Three Sites of Struggle
Government, workplace, and home are all controlled undemocratically in North Carolina – and those are the arenas where we have to fight. These are not random. They are concrete sites of struggle. We draw a distinction between issues and sites of struggle. Issues bring in and activate people politically while sites of struggle are the arenas in which issues are fought. We contest the state government’s lack of democracy from the ballot and city council by running on issues; workers are galvanized to organize by issues, not only wages but racial inequities and sexual harassment and the other forms of oppression enabled by authoritarian power dynamics; we are currently campaigning against landlords by fighting them at the home in our housing (through tenants organizing against their displacement with one another in the Triangle Tenant Union, a housing issue), in the community (to target anti-abortion centers, a socialist feminist issue), and over the land (by defending both DSA-endorsed city councillor Mary Black from their real estate lobby and public land from private corporations like Wake Stone, an ecosocialist issue). DSA is both at its best and uniquely equipped as the largest socialist organization to cross-pollinate across the movement ecosystem, synthesizing and strategizing in all arenas at once, democratically deciding what to do as a party in formation and motion.
Sites of struggle are arenas in time as well as space. The reason for that is best summarized in the best quote I’ve ever read about organizing: “you have one body and twenty-four hours in a day. An organizer asks what you’ll do with them, concretely, now.” That’s why they try so hard to control our bodies by doing things like incarcerating us, by evicting us, by forcing us to work to survive, by attacking gender-affirming healthcare. It’s not just about our bodies; in the vestiges of the 8-hour workday, we move from the home (housing) to the workplace and back to the home (community). Unless we’re part of a democratic organization like a union or a cooperative or a mass organization, we are denied democracy at every hour of our daily lives. Both bosses and landlords extract profit not only from us in spaces like the workplace and the home; they suck the marrow out from our minutes and hours, too. And they always seek to find more ways to transform our time into profits for themselves. As the ruling class attacked the 8-hour workday, they forced us into contract work and side hustles and double jobs that literally steal more and more of our space and time. We have less time to socialize with one another, to create new worlds through art and love and community. We have less time to organize.
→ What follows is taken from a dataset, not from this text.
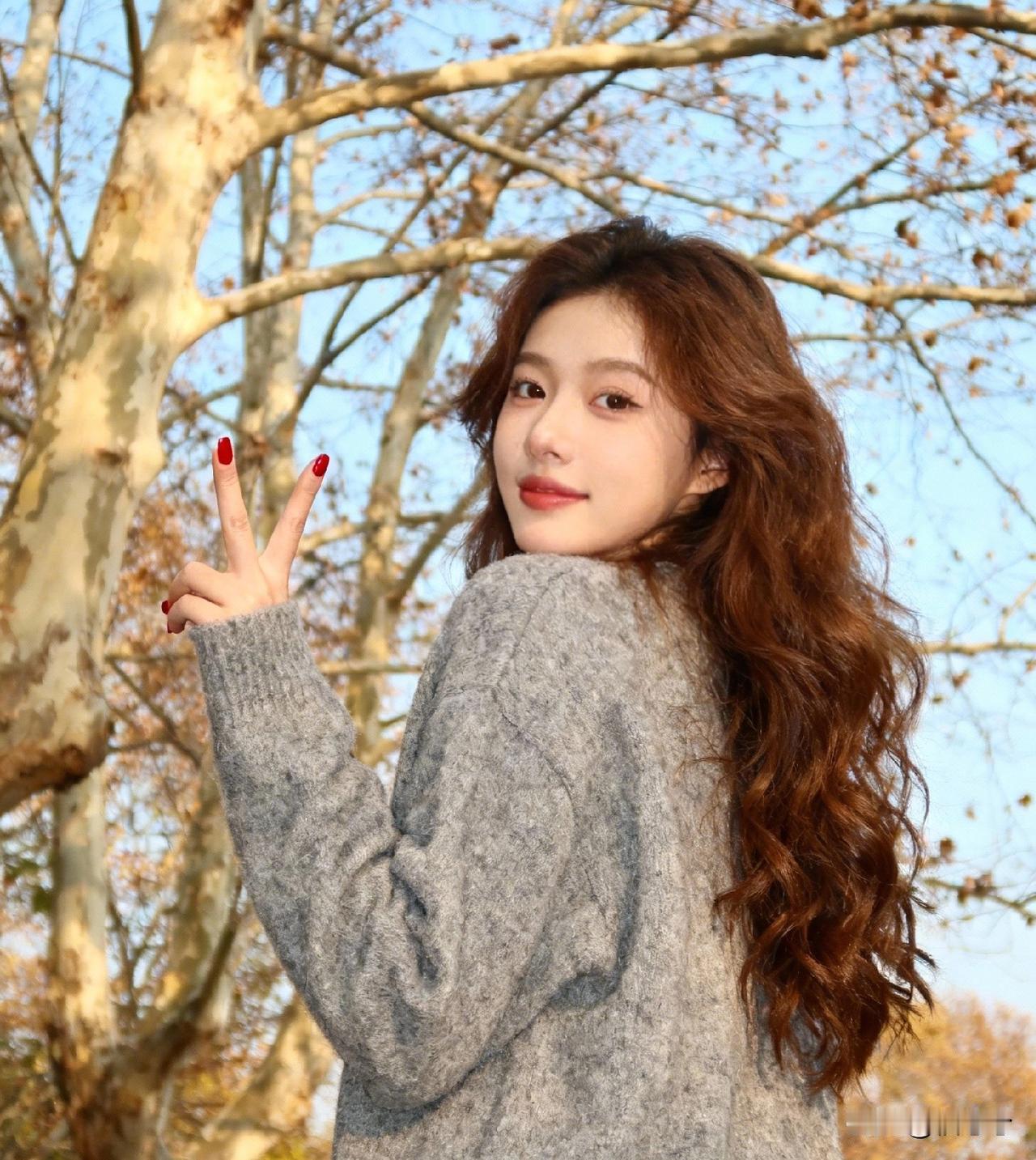 𓆝⸝⸝⸝ғɪɴᴇ
 
忘了痛挺容易，
但把伤口当成路标接着走，才叫明白。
We have to fight everywhere we’re being attacked by the ruling class. We need to build working class organization in all sites of struggle: government, workplace, and home. That means building DSA, as a mass organization in our local chapter, and challenging the legitimacy of the undemocratic state legislature as per our New Strategy. But we can’t stop there. We have to fight for democracy in our workplace and in our home. We have to be socialists everywhere, which means we have to fight for democracy everywhere.
Growing a Democratic Culture
Socialist struggle requires growing a democratic culture. Democratic culture means sharpening our analysis together by debating ideas. Democratic culture means competing for positions, as we test out those ideas and trade the baton of leadership in the beginning of decades-long relationships. Democratic culture means expanding ways for members to participate in decision-making over the chapter through integrating debate and discussion at every level of meeting and chapter business. Democratic culture means supporting formations of sections and associations that create new points of entry for working people into the chapter. One example is the Caregivers Section, which meets at a more accessible time for caregivers and creates a space for workers our chapter would otherwise not accommodate, through decisions made for and by socialist caregivers directly. These are all needed to grow.
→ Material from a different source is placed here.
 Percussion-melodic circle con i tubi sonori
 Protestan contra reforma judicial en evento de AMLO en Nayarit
Democratic culture also means being laser-eyed on expanding participation in decision-making to more and more people. This is crucial. A room of five people may be able to vote on something, but a room of five people has less democratic legitimacy than a room of fifteen. The weight of a decision made democratically is directly translatable to how many people commit to that decision – and how many people it touches that are embedded in their homes, in their workplaces, in their communities. That’s why we have to direct ask for direct asks’ sake.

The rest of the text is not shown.